Op een terrein dichtbij Callantsoog in Noord-Holland staan zoveel blauwgroen trechtertjes dat het nauwelijks om hier te lopen zonder op de trechtertjes te trappen. Het blauwgroen trechtertje was uiterst zeldzaam, maar dankzij natuurontwikkeling in dit gebied zijn de trechtertjes hier volop te zien.
Klein en blauw
Voornamelijk in het voorjaar is het blauwgroen trechtertje te zien. Ze zijn klein van stuk met hoedjes van maximaal een centimeter doorsnede. Ondanks het kleine formaat, vallen ze goed op door hun unieke blauwgroene tot grijsgroene kleur.

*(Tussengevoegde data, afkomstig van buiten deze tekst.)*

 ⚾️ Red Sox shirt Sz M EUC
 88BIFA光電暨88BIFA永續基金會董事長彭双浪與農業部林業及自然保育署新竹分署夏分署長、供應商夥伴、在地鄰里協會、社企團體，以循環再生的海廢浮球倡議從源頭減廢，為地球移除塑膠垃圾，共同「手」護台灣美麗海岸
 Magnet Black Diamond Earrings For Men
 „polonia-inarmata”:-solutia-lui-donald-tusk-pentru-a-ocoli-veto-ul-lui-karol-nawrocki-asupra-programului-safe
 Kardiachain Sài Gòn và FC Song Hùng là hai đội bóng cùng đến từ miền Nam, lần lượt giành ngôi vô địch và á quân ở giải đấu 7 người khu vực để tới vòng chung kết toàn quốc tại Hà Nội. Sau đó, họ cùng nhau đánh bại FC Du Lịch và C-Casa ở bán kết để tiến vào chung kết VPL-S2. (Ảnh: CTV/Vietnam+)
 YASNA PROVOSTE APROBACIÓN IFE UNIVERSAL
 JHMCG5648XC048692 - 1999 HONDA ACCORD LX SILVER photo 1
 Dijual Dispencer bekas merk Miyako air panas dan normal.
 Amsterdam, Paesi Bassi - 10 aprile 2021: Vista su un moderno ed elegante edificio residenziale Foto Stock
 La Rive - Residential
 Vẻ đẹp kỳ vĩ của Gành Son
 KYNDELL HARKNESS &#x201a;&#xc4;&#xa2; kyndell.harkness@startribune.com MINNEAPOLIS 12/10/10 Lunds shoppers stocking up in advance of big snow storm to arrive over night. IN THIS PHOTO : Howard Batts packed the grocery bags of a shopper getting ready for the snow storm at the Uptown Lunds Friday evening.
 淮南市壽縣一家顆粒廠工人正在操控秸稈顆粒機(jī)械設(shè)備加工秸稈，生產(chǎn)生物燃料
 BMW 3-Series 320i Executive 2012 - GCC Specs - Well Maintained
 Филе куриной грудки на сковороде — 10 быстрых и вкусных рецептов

Blauwgroen trechtertjes zijn vooral bekend omdat ze op geschikte terreinen in groot aantal kunnen worden aangetroffen. Zo'n terrein bevindt zich aan de Zuidschinkeldijk vlak bij Callantsoog, een terrein waar door Natuurmonumenten op voormalig boerenland aan natuurontwikkeling wordt gedaan.
Rode Lijst
Tot eind jaren negentig werd het blauwgroen trechtertje
(Omphalina chlorocyanea
) gezien als zeldzaam en stond het op de vorige Rode Lijst als ernstig bedreigd . De plotselinge toename van dit trechtertje sinds 2001 is te danken aan de toename van natuurontwikkelingsprojecten. Vermeste bodems zijn gesaneerd. De toplaag is afgegraven en afgeplagd waardoor voedselarme, schone en vaak iets zure bodem aan de oppervlakte komt. Als de bodem nog vochtig genoeg is, kunnen soorten als het blauwgroen trechtertje hier enkele jaren van profiteren.
Pionier
Het blauwgroen trechtertje is namelijk een pionier van schaars begroeide, voedselarme bodems. Deze begroeiing heeft een tijdelijk karakter, en verandert onder andere door de natuurlijke dynamiek en stikstofdepositie. Na hooguit vier jaar zal het trechtertje daardoor weer verdwijnen, samen met de andere pioniervegetatie.